The island of La Palma hosts some of the most original and entertaining festivals of the Canary Islands. The festive spirit can be felt throughout all the municipalities of the island. It is not only the locals that partake in this festive joy, but any visitor to the island can enjoy the atmosphere of their celebrations, from local festivals in small neighborhoods or on the top of a mountain, to the large and most popular celebrations.
La Palma marks National celebrations such as Carnival (Carnavales), Holy Week (Semana Santa) or Corpus Christi that take place elsewhere in Spain, as well as more local festivals such as El Diablo, las Cruces de Mayo, and Los Caballos Fufos. There are also religious festivals in honour of the patron saints of the island: La Patrona of Los llanos de Aridane, San Juan of Puntallana, San Mauro of Puntagorda and Nuestra Señora de Montserrat in San Andrés y Sauces.
Romerías are key elements in La Palma's traditional celebrations. They are processions, and a fusion of gastronomy, traditions, folklore and fiesta. There are some more traditional ones (such as those dedicated to the Virgin of the Pine in El Paso, the Virgin of Las Nieves in Santa Cruz de la Palma and the Virgin of Los Remedios in Los Llanos de Aridane), while others have emerged in recent years.
They usually start in the hermitage where the statue of the Virgin Mary resides.

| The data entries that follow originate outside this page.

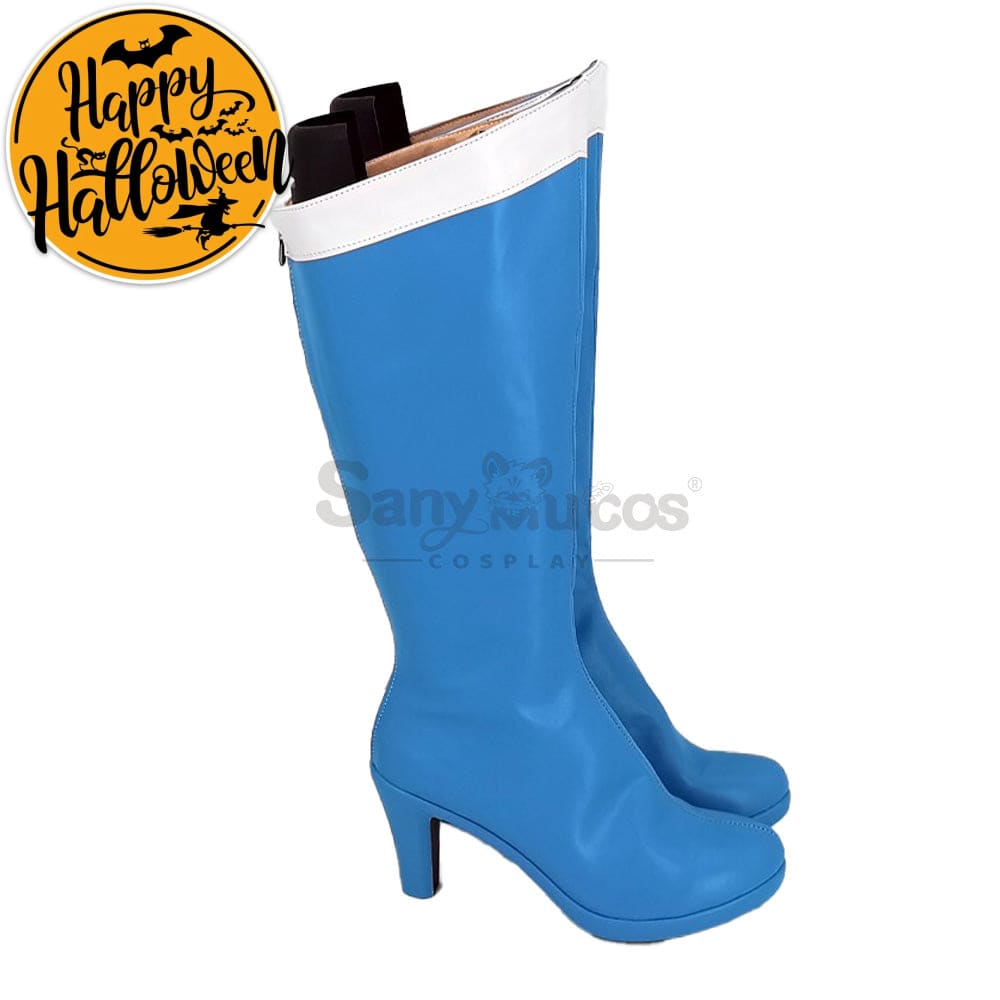 【In Stock】Anime Sailor Moon Cosplay Mercury Ami Mizuno Shoes Boots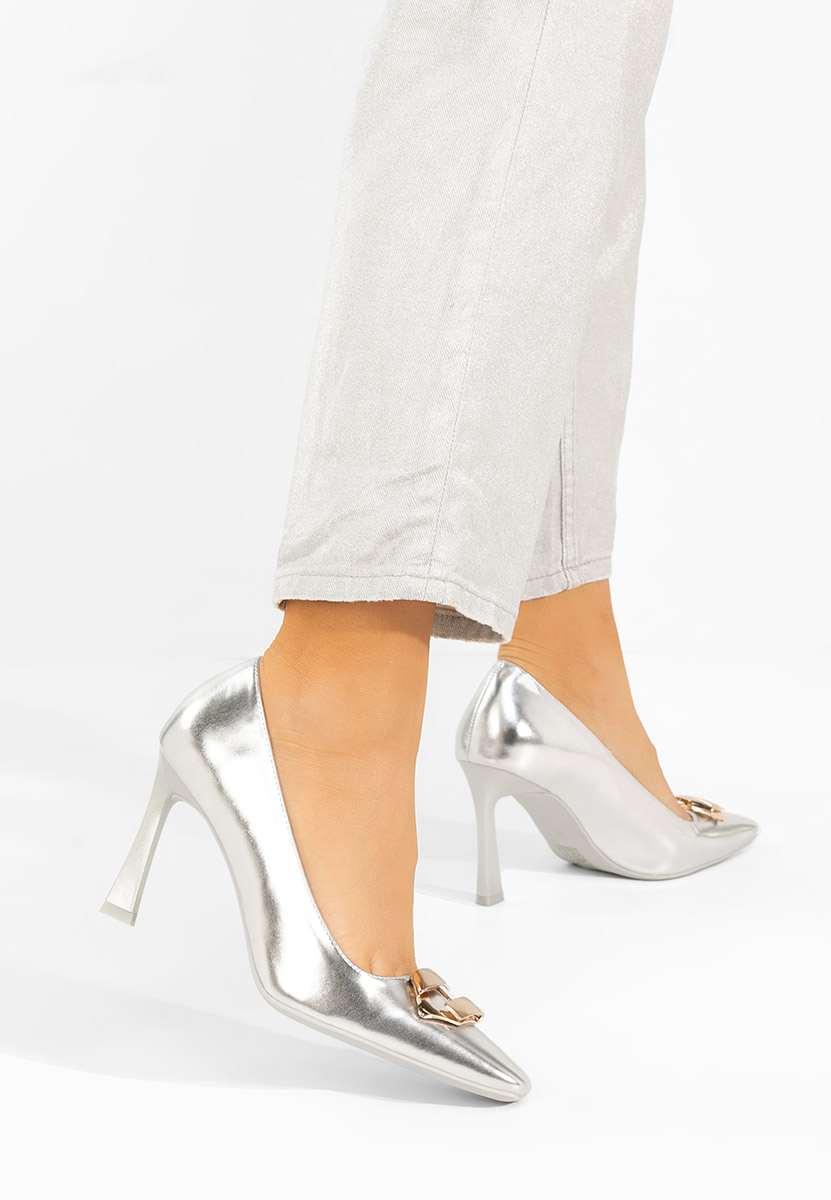 Décolleté tacco a spillo Xeresa argento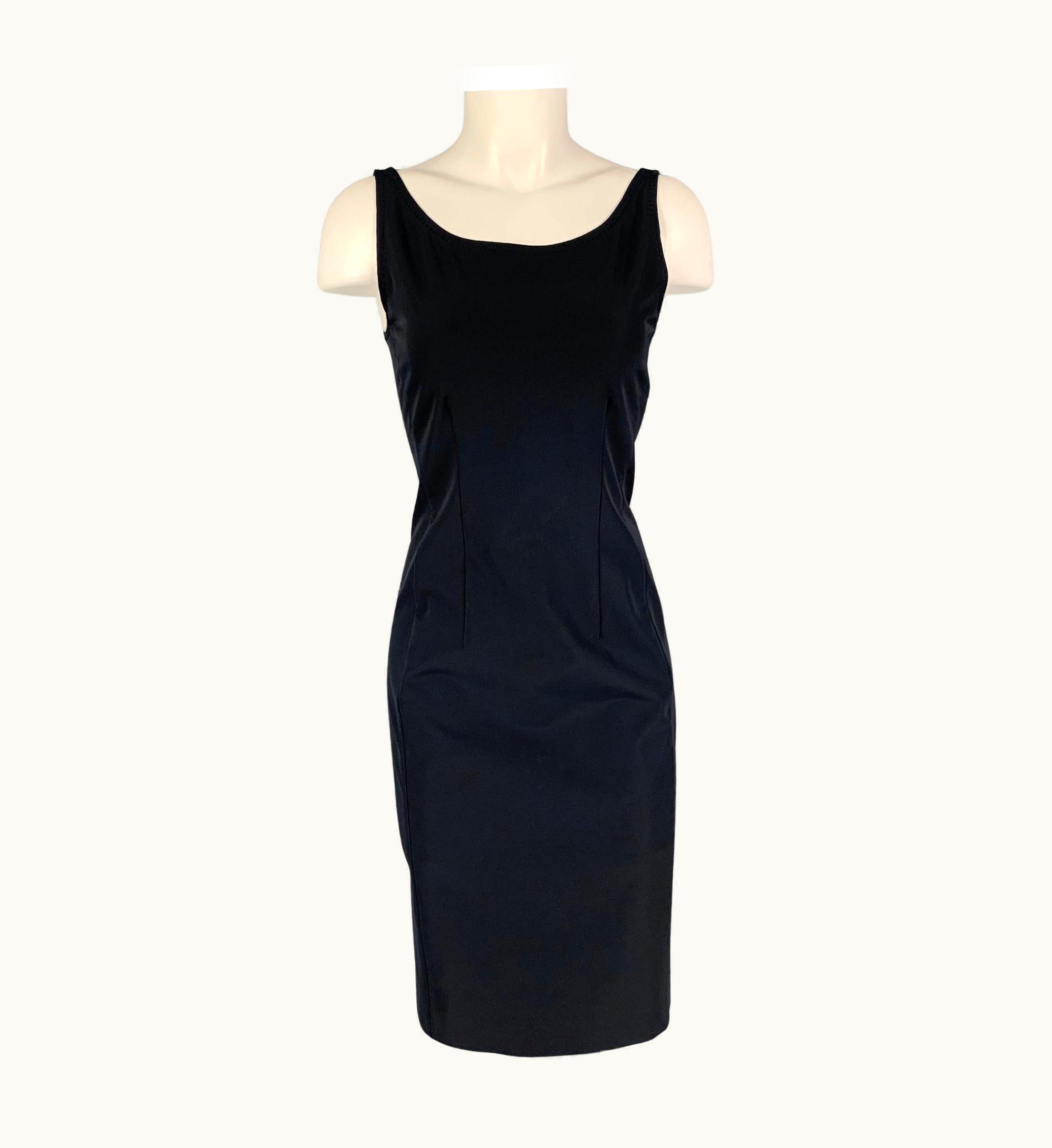 Prada Prada Black Polyester Shift Dress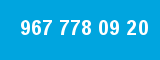 967 778 09 20 967 778 09 20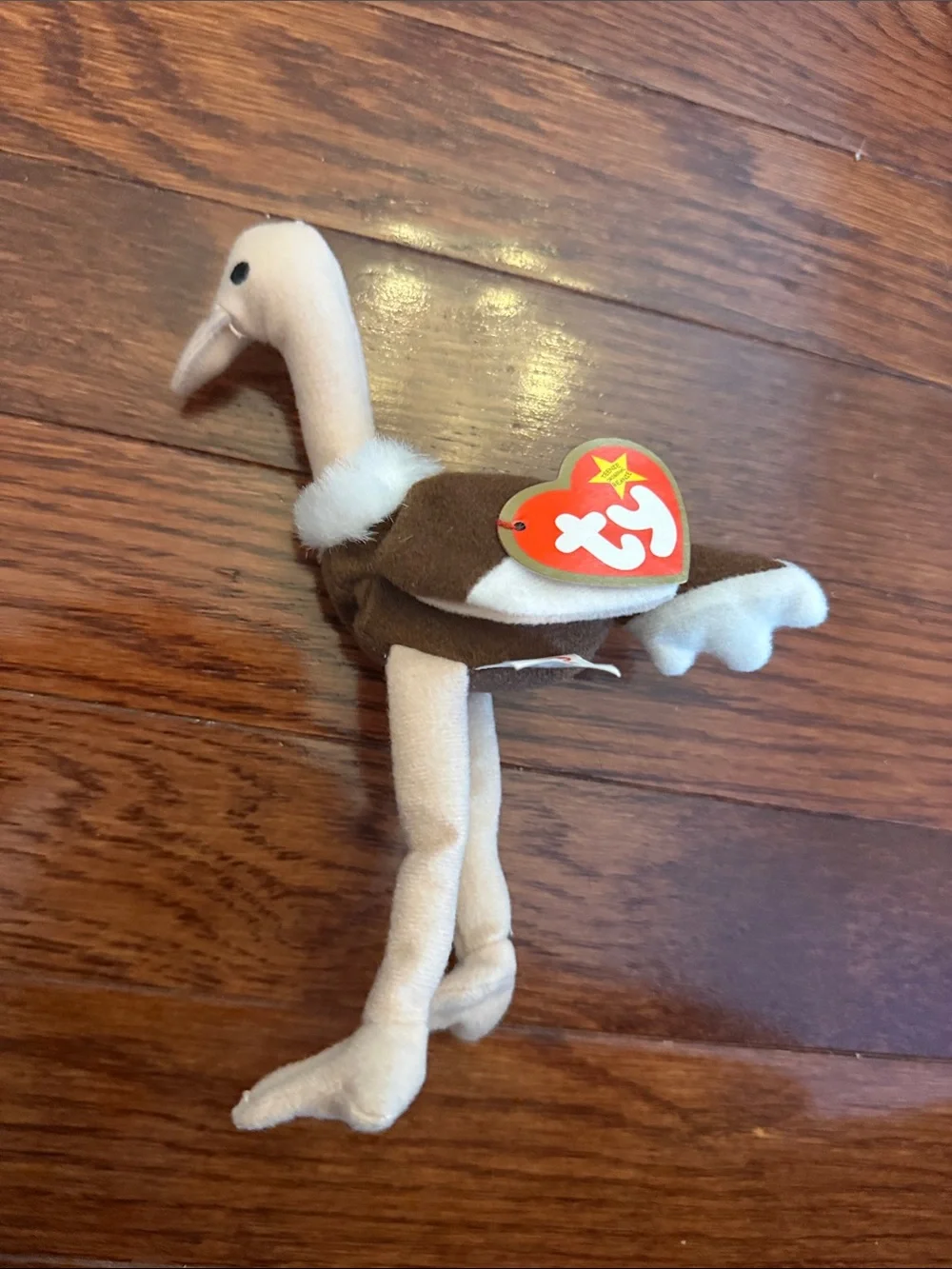 Ty Brown and Cream Plush Bird Dog Toy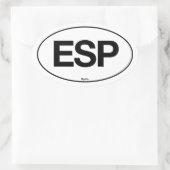 スペイン楕円 楕円形シール (バッグ)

Participants usually wear traditional costumes and are surrounded by family, friends and music parties. In this type of party it is traditional to share food and drink, both with the members of the float and with the rest of the public (pork rinds, pork meat, wrinkly potatoes, wine ...). The journey to the end of the route can last several hours. And the end of the festival is the open-air dance (verbena) and the mobile bars (kioscos) which usually play salsa music.
Silk production, pottery, cigar making, baskestry, embroideries and making items of wood, stone, leather, and metal are some of the La Palma’s traditional crafts. Craftsmen and craftswomen, making use of natural raw materials and following a long process, produce entirely handmade, elegant, items.
The craftsmanship of La Palma employs techniques that have been passed down from generation to generation. Methods have been adapted to current times but without losing the essence of the traditional products. The island’s crafts are high quality and made with dedication and love.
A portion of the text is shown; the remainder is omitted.